Stored data entries
━━━━━━━━━━━━━━━━━━━━━━━━━━━━━━
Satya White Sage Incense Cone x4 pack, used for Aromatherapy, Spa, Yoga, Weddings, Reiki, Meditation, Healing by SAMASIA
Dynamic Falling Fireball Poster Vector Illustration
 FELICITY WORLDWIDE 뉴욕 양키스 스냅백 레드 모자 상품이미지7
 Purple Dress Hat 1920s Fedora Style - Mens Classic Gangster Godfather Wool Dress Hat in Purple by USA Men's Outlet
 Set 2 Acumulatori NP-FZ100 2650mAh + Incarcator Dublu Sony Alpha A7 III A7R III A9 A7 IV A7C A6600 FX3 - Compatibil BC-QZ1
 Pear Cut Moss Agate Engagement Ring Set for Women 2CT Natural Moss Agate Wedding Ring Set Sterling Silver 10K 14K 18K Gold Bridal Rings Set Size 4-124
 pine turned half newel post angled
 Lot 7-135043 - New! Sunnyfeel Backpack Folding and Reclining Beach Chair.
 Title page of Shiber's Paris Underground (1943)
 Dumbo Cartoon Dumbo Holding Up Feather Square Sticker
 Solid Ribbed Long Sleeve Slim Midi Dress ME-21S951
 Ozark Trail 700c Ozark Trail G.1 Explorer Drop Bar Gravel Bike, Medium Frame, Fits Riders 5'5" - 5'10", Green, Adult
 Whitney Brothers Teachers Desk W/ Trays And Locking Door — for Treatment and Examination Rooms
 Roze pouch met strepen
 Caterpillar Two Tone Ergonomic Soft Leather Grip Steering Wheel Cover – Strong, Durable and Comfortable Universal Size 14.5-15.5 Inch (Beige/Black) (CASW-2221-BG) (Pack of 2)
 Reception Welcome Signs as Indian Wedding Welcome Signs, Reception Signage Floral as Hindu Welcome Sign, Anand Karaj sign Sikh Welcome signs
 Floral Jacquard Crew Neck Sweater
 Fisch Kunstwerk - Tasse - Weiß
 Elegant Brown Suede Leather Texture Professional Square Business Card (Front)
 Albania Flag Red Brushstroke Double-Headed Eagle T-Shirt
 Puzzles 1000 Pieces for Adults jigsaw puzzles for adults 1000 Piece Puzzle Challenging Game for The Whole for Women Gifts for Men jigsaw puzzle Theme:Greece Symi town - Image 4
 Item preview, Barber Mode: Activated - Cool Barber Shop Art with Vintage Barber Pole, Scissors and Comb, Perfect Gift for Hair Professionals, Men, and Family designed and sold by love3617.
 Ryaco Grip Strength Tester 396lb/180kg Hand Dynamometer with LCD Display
━━━━━━━━━━━━━━━━━━━━━━━━━━━━━━
How to complete this task:
From the records above, copy out the line with "Whitney Brothers Teachers", the line with "Floral Jacquard Crew Neck Sweater", and every line between them, word for word.

Written answer:
 Whitney Brothers Teachers Desk W/ Trays And Locking Door — for Treatment and Examination Rooms
 Roze pouch met strepen
 Caterpillar Two Tone Ergonomic Soft Leather Grip Steering Wheel Cover – Strong, Durable and Comfortable Universal Size 14.5-15.5 Inch (Beige/Black) (CASW-2221-BG) (Pack of 2)
 Reception Welcome Signs as Indian Wedding Welcome Signs, Reception Signage Floral as Hindu Welcome Sign, Anand Karaj sign Sikh Welcome signs
 Floral Jacquard Crew Neck Sweater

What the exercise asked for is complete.